Join Leadership Talks on Friday, September 29 at 1 pm EST for a live, online interview with Khary Lazarre-White and Cidra Sebastien from The Brotherhood/ Sister Sol (The BHSS), 2005 Leadership for a Changing World awardees. Khary and Cidra will discuss The Brotherhood/Sister Sol's practices that provide alternatives for disadvantaged youth.

Read the transcript
from September 29, 2006

Leadership Talks Archive

Jason Warwin, Khary Lazarre-White, and Cidra Sebastien, who together, direct The BHSS, a youth development organization, grew up in New York City. "We do this work because we have been influenced and inspired by activists and social-change makers who came before us," they write. The group focuses on young people, they say, because "society is failing our children. In the city of New York, children are allowed to attend failing schools, to be surrounded by drugs and violence, and allowed to have no real opportunity because they are black and brown and economically poor." According to Santiago Taveras, Local Instructional Superintendent, New York City, "This dynamic leadership team has made a profound impact on this community through their work with youth."

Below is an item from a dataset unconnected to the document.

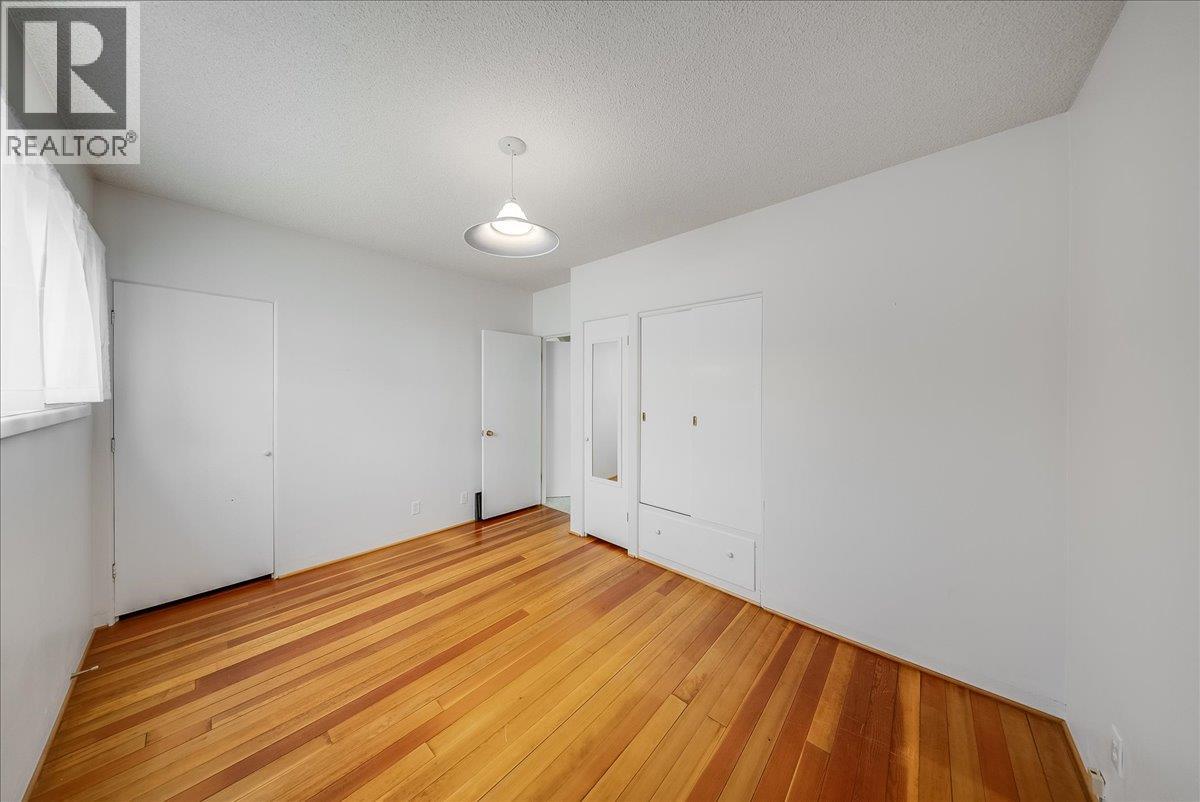 916 Thackeray Street - 16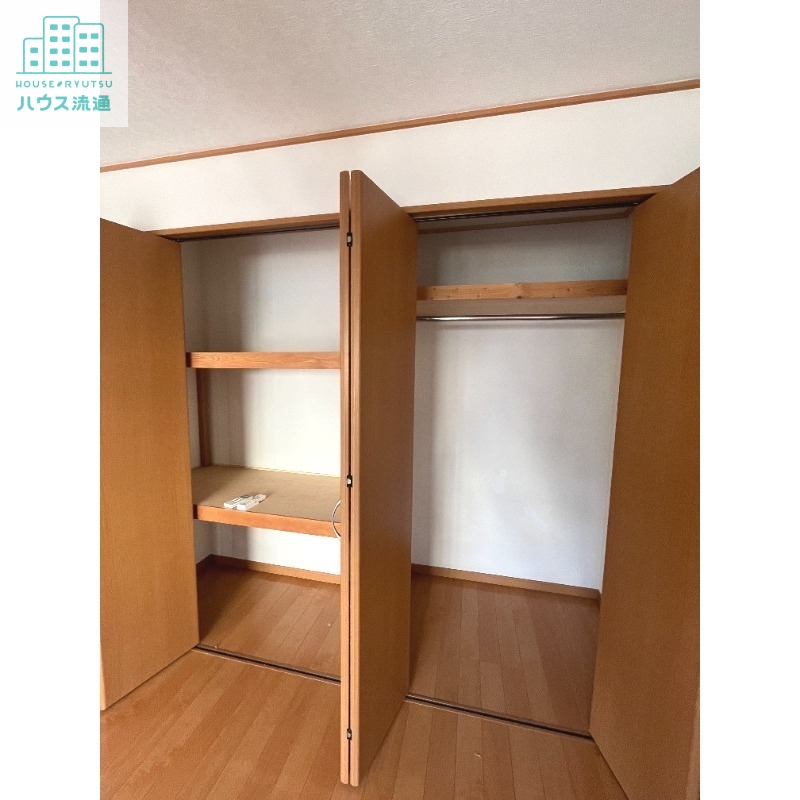 収納　※写真は別号室です。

The students of The BHSS join chapters composed of 10 to 18 young men or women in seventh, eighth or ninth grade, and remain in their chapters until they graduate from high school. The curriculum fosters critical thinking, practical skills for negotiating modern life, and leadership competence. Subjects include Pan-African and Latino history, sexism, and conflict resolution. Participating youth have year-round access to guidance and mentoring. Some receive opportunities to study abroad, and all are encouraged to undertake service projects in the community.

The BHSS prides itself on a leadership style that represents their values. They created an organizational structure called the Directors Circle that is deliberately egalitarian and consensus-driven. The three leaders rotate tasks, including arranging meetings and communicating with staff. That structure, directors believe, echoes the underlying values of the organization: community, collaboration, and equity. For example, teaching that women are equal to men is easier when equality is a visible feature of the organization. Leaders believe that The BHSS' internal structure "provides an effective example for youth to see how people can work together to accomplish complex goals by combining their energy and talents."

The collaborative nature of The BHSS' leadership is also designed to give Warwin, Lazarre-White, and Sebastien direct involvement with youth in the chapters, which "ensures that leadership decisions are made with the best interest of the programs and the youth, and not based purely on administrative ideals," according to The BHSS leaders.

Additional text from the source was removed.